Consider the domain $D$ of real numbers $(x,y)\in\mathbb{R}^2$ such that $x\in [0,1]$ and $f(x)\leq y\leq g(x)$, where $f(x)$ and $g(x)$ are twice differentiable convex functions over $x\in [0,1]$ such that $0\leq f(x)\leq g(x)$ for all $x\in [0,1]$ and $f(0)=g(0)=0$.
Now, the cone of feasible directions of $D$ at a point $x_0\in D\subset\mathbb{R}^2$ is defined as the set of numbers $d\in\mathbb{R}^2$ such that $x_0+\lambda d\in D$ for all $\lambda\in (0,\delta)$ for some $\delta>0$.
I am theoretically interested in finding a method for finding the feasible direction at $(0,0)$ for the set $D$ given above.
I have tried the following. Let $h_1(x,y)=f(x)-y$ and $h_2(x,y)=y-g(x)$. Note that $h_i(0,0)=0$ for $i=1,2$, and that for all $(x,y)\in D$ we have $h_1(x,y)\leq 0$ and $h_2(x,y)\leq 0$. This means that if $d$ is to be a feasible direction at $(0,0)$ (i.e., an element of the cone of feasible directions at $(0,0)$), then the value of $h_i$, $i=1,2$, must stay the same at $0$, or must decrease.
I have proven a theorem (in an exercise in a book on convex optimization) that says the following: For a convex function $u:\mathbb{R}^2\to\mathbb{R}$ differentiable at $(x,y)$, the existence of a vector $d\in\mathbb{R}^2$ such that $\nabla u(x,y)^t d\leq 0$ is equivalent to the existence of a vector $d\in\mathbb{R}^2$ and a real number $\delta>0$ such that $u((x,y)+\lambda d)\leq u(x,y)$ for all $\lambda\in (0,\delta)$ (note: such a vector $d$ may be called a non-strict descent direction).
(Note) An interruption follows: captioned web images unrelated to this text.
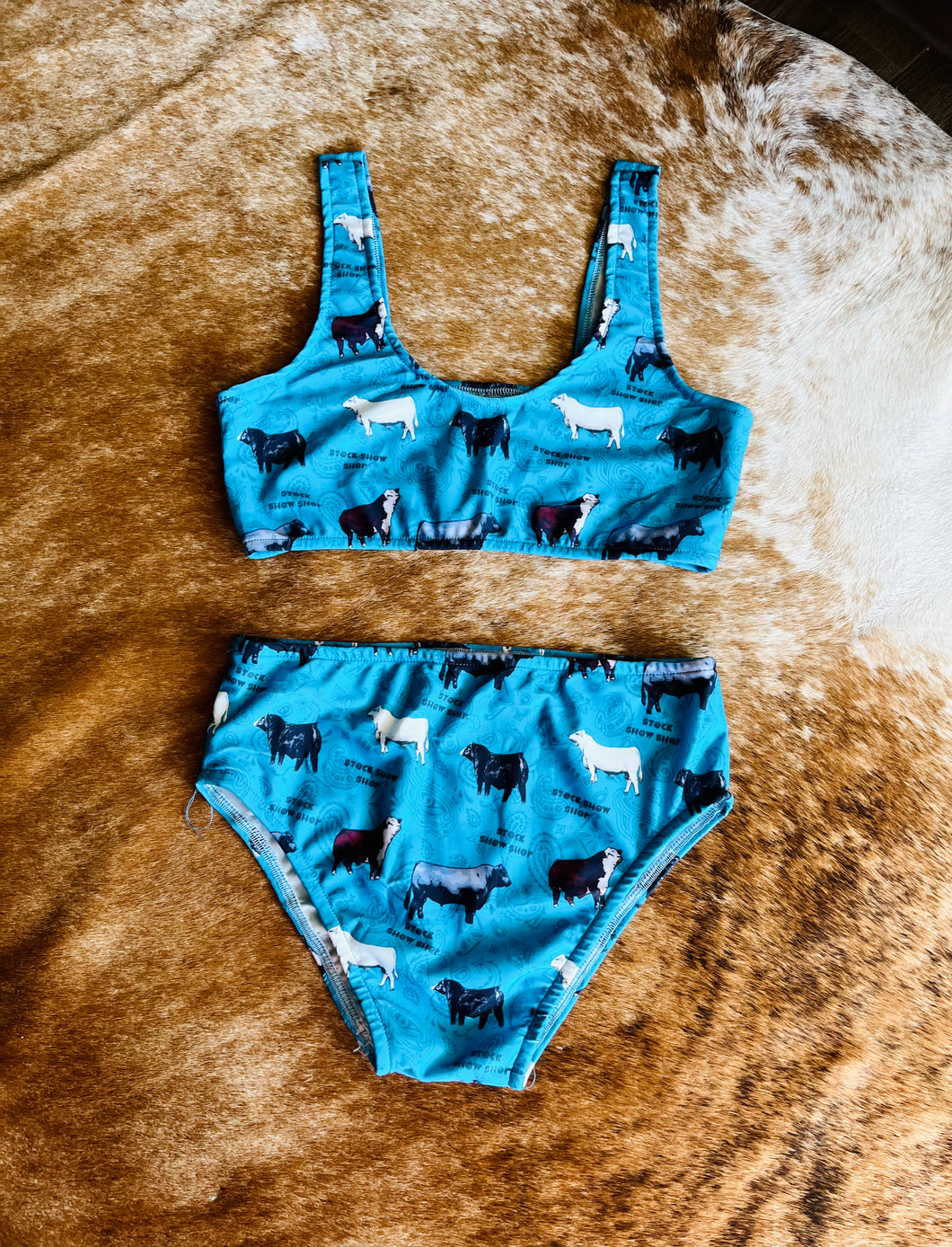 Adult Herd Bull Swim Two Piece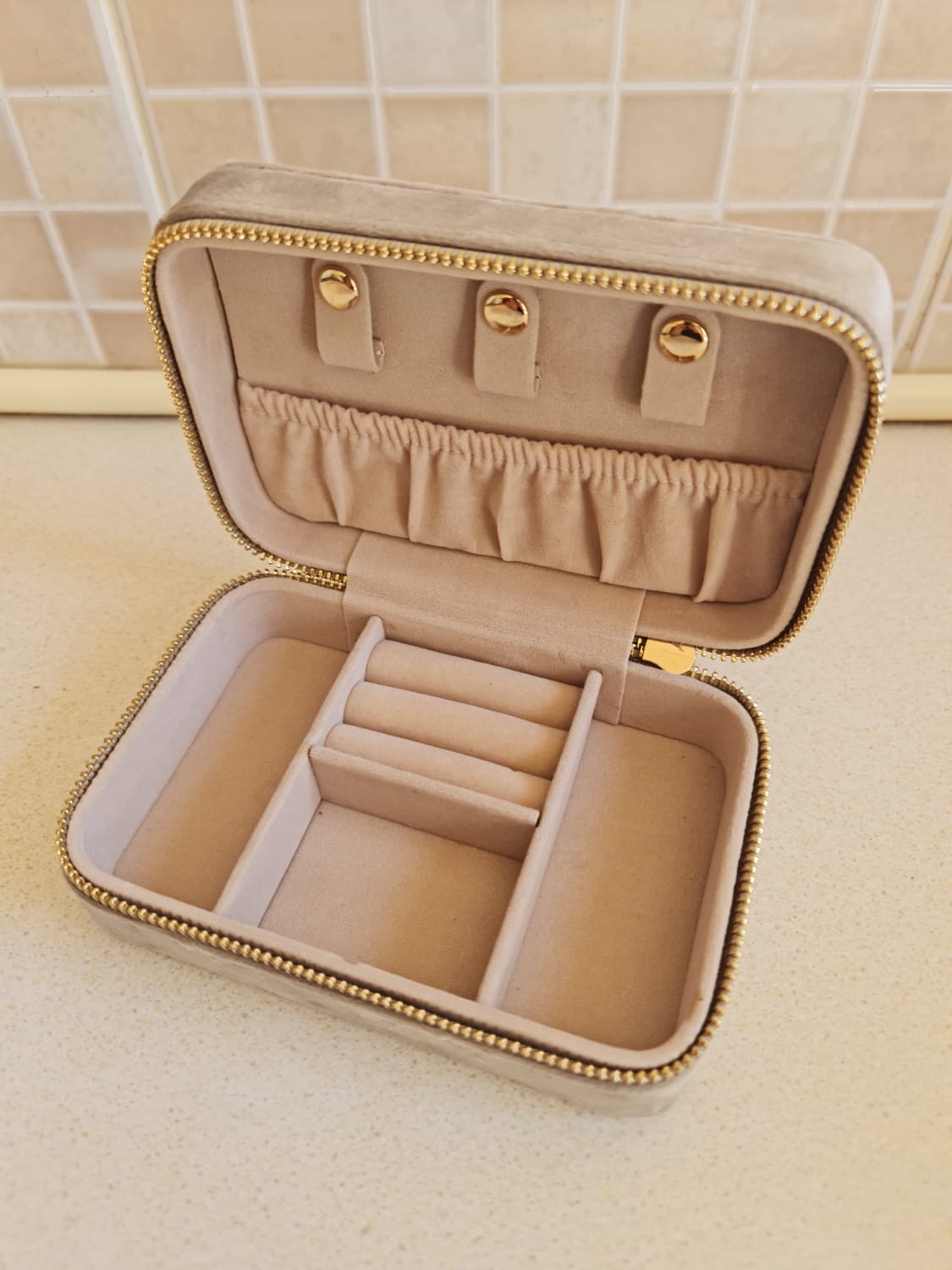 Luxury Velvet Travel Jewelry Box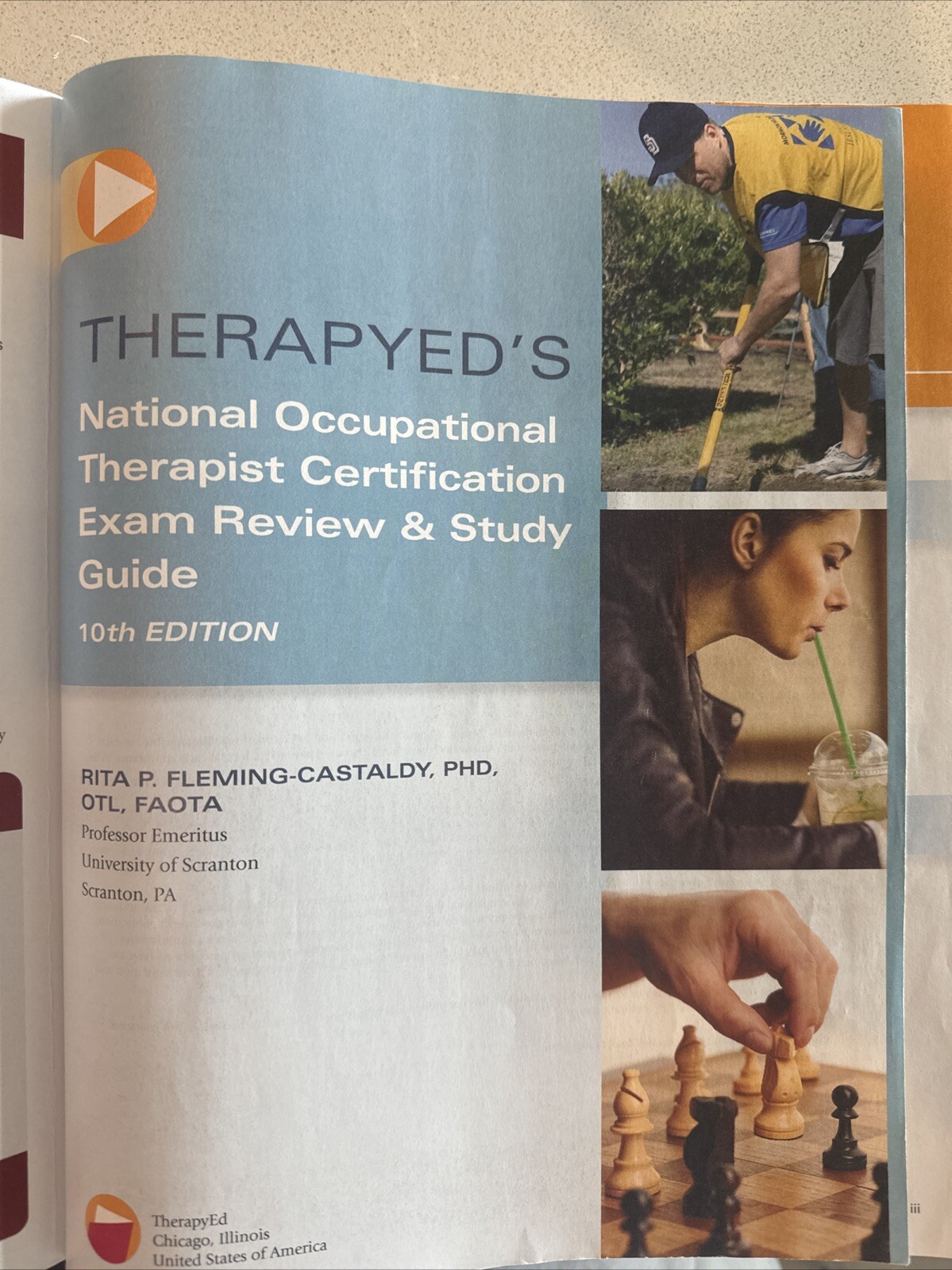 Therapy Ed National Occupation Therapist Certification Exam Review & Study Guide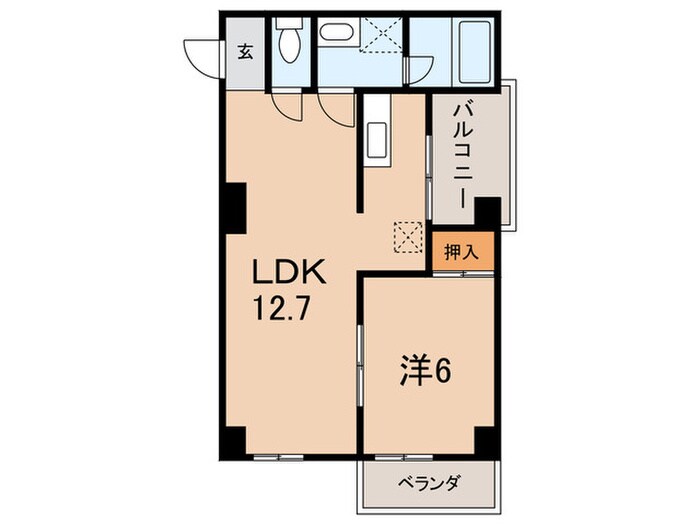 クレッセント倶楽部舞子の物件間取画像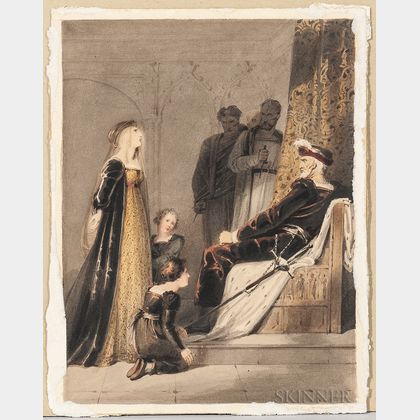 British School, 19th Century, Elizabeth Woodville Pleading for Her Children (the children of Edward IV, Edward V and Richard of Shrewsb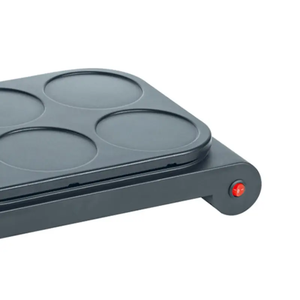 Plaque de cuisson en aluminium 1000W avec revêtement antiadhésif à base d'eau crêpière électrique avec 6 trous - Product Image 3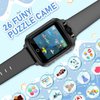 Smart Watch for Kids, Kids Watch with 26 Games Camera Video Recorder Music Alarm Calculator Calendar Flashlight Stopwatch Pedometer, Fun Birthday Gifts Boys Watch Toys for 4-16 Year Olds Black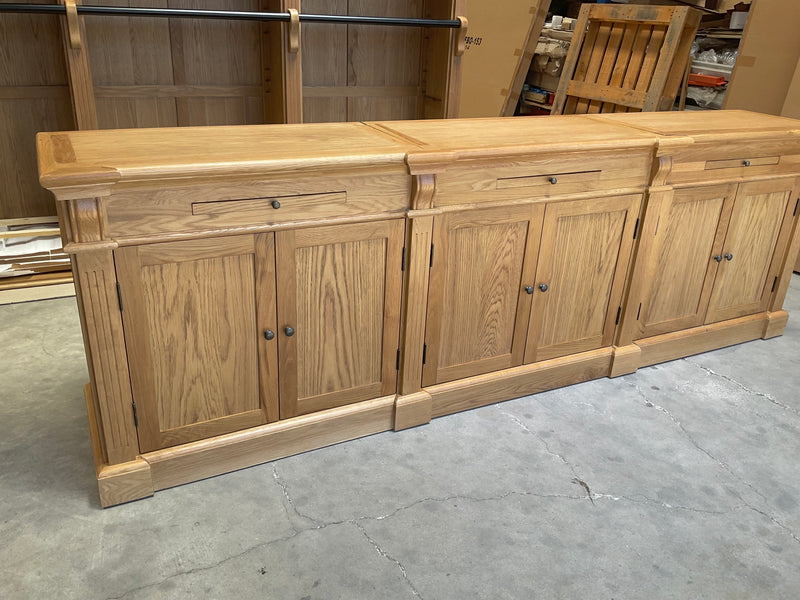 French Library Bookcase 3 bays OAK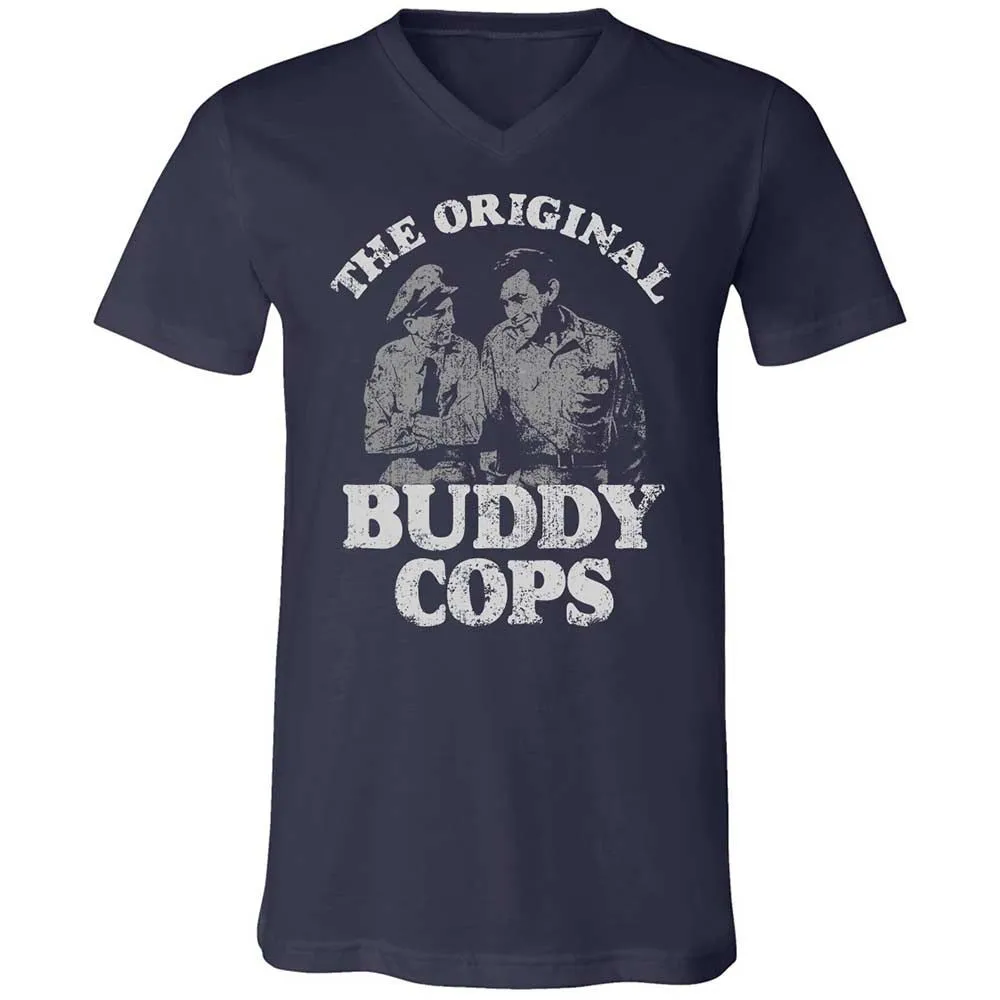 Unisex V-Neck T-Shirt - LR89QXS4 - Navy - 2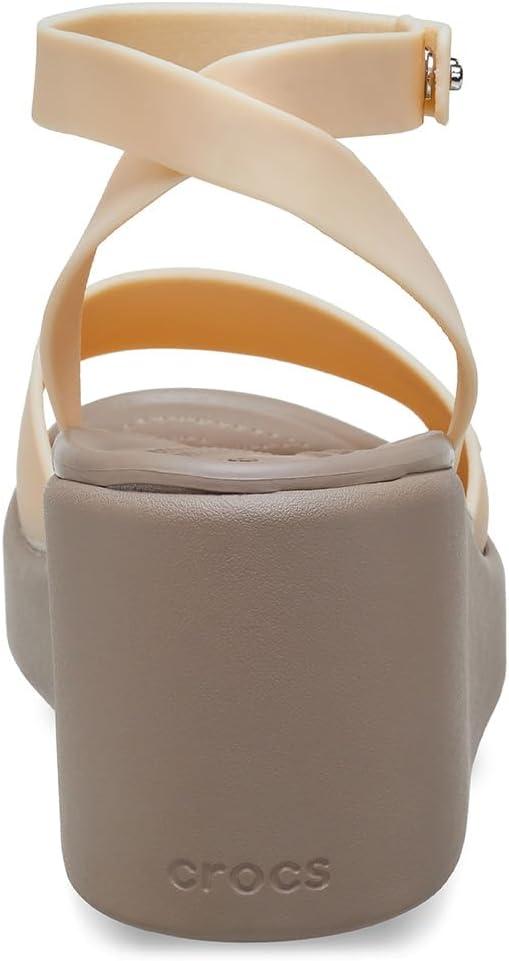 imageCrocs womens Brooklyn Ankle Strap WedgesShitake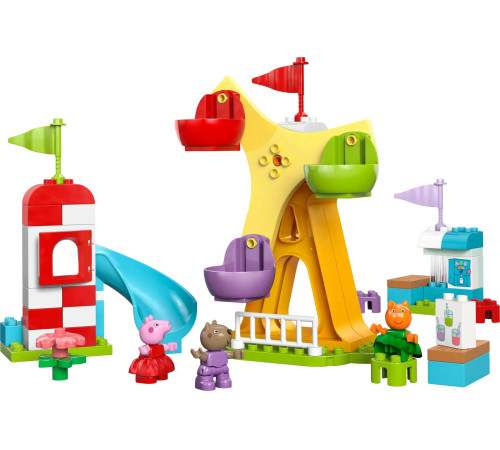 lego duplo 10453 constructor "fun fair. peppa pig" (53 el.)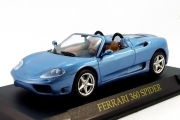 Ferrari 360 Spider, синий, на подставке (1/43) 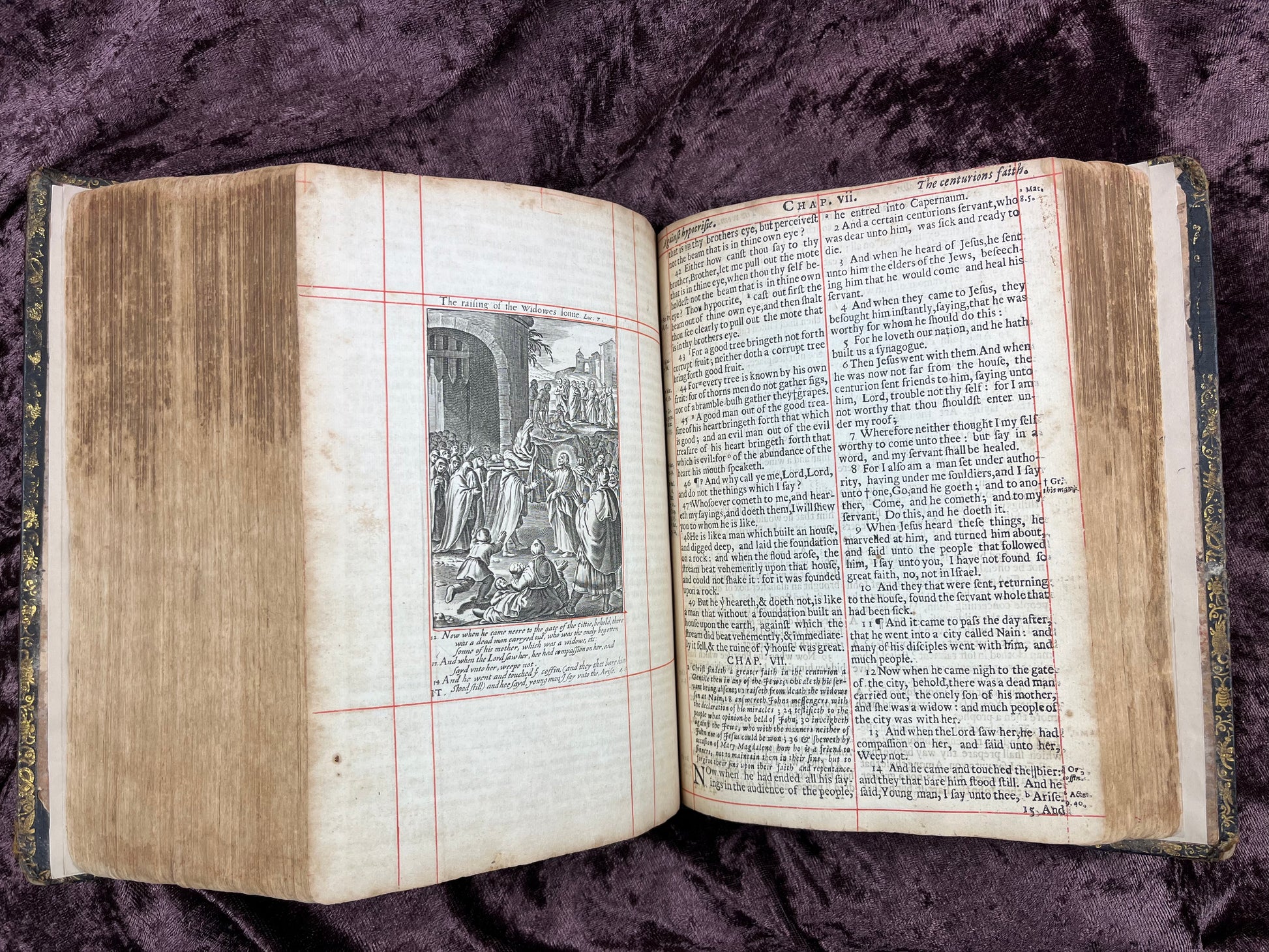 1677 Quarto John Hayes King James Bible Ruled-red With 205 Extra Illustrations E.T. Rare Books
Thus, to find a method, I would first note that $h_1(x,y)=f(x)+(-y)$ is a sum of convex functions, and thus convex, and then apply the above result, to say that a feasible direction of $D$ at $(0,0)$ must be such that $\nabla h_1(0,0)^t d\leq 0$ or $$(f'(x),-1)\begin{pmatrix}d_1\\ d_2\end{pmatrix} \leq 0.$$ This ensures us that as we move along the direction $d$ in such a way that we do not increase the value of $h_1$ from $(0,0)$ at which it attains its highest value $0$.
However, the function $h_2(x,y)=y-g(x)$ is not necessarily convex, as $-g(x)$ is concave since $g(x)$ is convex. Though I would want to say something like " $(-g'(x),1)\begin{pmatrix}d_1\\ d_2\end{pmatrix} \leq 0$ must hold for all feasible non-strict directions of descent $d$ of $D$ at $(0,0)$", my theorem does not guarantee this.
So is there some general method or way of thinking to find feasible directions of $D$ at $(0,0)$?
To take a concrete example, let $f(x)=(e-1)x^2$ and $g(x)=e^x-1$. Both are convex, and they are shown below. The question, then, arises: What are the feasible directions of the set $D=\{(x,y)\in\mathbb{R}^2|0\leq x\leq 1,\quad f(x)\leq y\leq g(x)\}$ at $(0,0)$?
The method by which we answer the above problem will, I hope, shed some light on how to find a feasible direction in general.

I assume that $f$ and $g$ are twice differentiable. Then the set consists of all conic combinations of $[1,f'(0)]$ and $[1,g'(0)]$. The set may not be closed (in your example, $[1,0]$ is not a feasible direction), so you may need to exclude the extreme rays. The ray for $f$ should be excluded if $f$ is strictly convex on $(0,\delta)$, while the ray for $g$ should be excluded if $g$ is strictly concave on $(0,\delta)$ (for some $\delta>0$).
Let me provide the proof for the ray for $f$. Take $\delta$ small enough such that $f$ strictly convex on $(0,\delta)$ and let $x \in (0,\delta)$. By Taylor's theorem and the mean value theorem, $f(x) = f(0) + f'(0)(x-0) + f''(a)(x-0)^2$ for some $a \in (0,\delta)$. This simplifies to $f(x) = f'(0)x + f''(a)x^2$. The second term is positive since $f$ is strictly convex.